** Dataset entries **
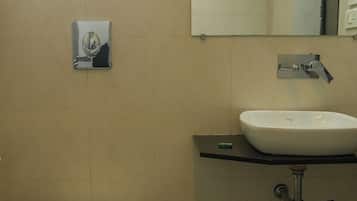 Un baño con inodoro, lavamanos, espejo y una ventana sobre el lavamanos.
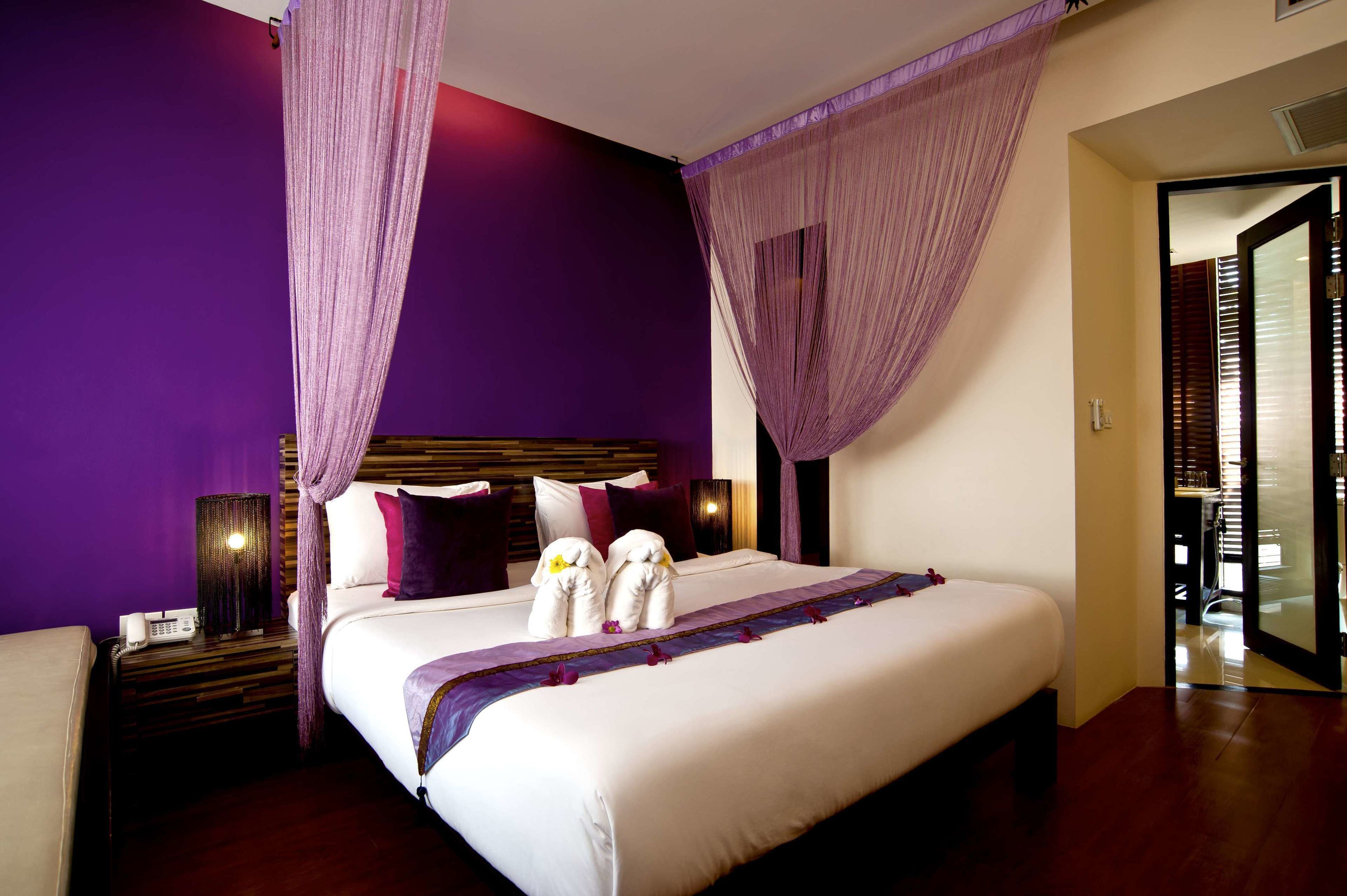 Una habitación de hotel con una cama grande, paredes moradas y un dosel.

--

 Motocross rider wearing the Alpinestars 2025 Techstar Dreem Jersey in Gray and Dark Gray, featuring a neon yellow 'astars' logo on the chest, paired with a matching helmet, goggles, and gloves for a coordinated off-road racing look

---

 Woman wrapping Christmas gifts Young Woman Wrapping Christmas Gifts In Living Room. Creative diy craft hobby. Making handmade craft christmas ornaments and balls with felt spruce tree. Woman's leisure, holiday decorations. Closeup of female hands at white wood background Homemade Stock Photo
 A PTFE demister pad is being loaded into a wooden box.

** Description of the task **
Where a line of the entries contains "with", report that line.

** Response area **
 Motocross rider wearing the Alpinestars 2025 Techstar Dreem Jersey in Gray and Dark Gray, featuring a neon yellow 'astars' logo on the chest, paired with a matching helmet, goggles, and gloves for a coordinated off-road racing look
 Woman wrapping Christmas gifts Young Woman Wrapping Christmas Gifts In Living Room. Creative diy craft hobby. Making handmade craft christmas ornaments and balls with felt spruce tree. Woman's leisure, holiday decorations. Closeup of female hands at white wood background Homemade Stock Photo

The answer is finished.